Were Reactions of Triplet Silylenes Observed?

Abstract

The observation that (iPr3Si)(tBu3Si)Si: (1) yields an intramolecular C-H bond insertion product at room temperature, together with earlier computational predictions that triplet 1 is slightly more stable (or isoenergetic) than singlet 1 and additional considerations, led previous investigators to conclude that 1 is the first silylene to exhibit triplet electronic state reactivity. In this paper we test, using DFT and ab initio methods, whether the occurrence of intramolecular C-H bond insertion indeed indicates the presence of a triplet-state silylene. DFT calculations at the B3LYP/6-31+G(d,p)//B3LYP/6-31+G(d,p) level show that singlet (iPr3Si)(tBuMe2Si)Si: (9), a close model of singlet 1, inserts intramolecularly into a C-H bond of the tBu group with a barrier of 22.7 kcal/mol (22.2 kcal/mol at SCS-MP2/cc-PVTZ). However, for triplet9 the barrier of this insertion reaction is significantly higher, 34.6 kcal/mol (41.9 kcal/mol at SCS-MP2/cc-PVTZ).
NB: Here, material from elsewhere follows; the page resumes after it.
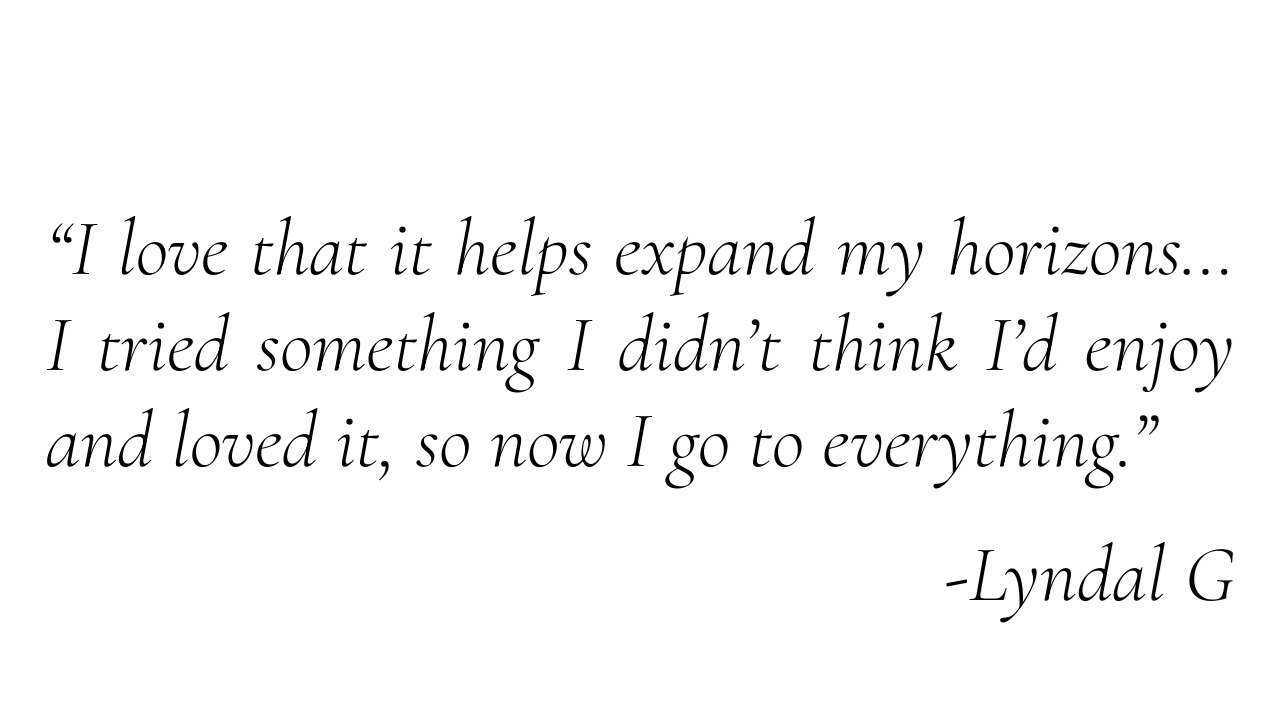 “I love that it helps expand my horizons… I tried something I didn’t think I’d enjoy and loved it, so now I go to everything.” - Lyndal G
This implies that at room temperature the intramolecular insertion reaction of the singlet is 10(9)-10(12) faster than that of the triplet. We conclude, in contrast to previous conclusions, that the observed intramolecular C-H bond insertion reactions of 1 as well as of (tBu3Si)2Si: (2) occur from the singlet state. Furthermore, the occurrence of an intramolecular C-H bond insertion cannot serve as evidence for the presence of a triplet silylene, either in cases where the singlet and triplet states are nearly isoenergetic (e.g., 1 and 9) or even for silylenes where the triplet state is the ground state (e.g., 2), because the corresponding singlet silylenes insert intramolecularly much faster. The search for a genuine reaction of a triplet silylene has to continue.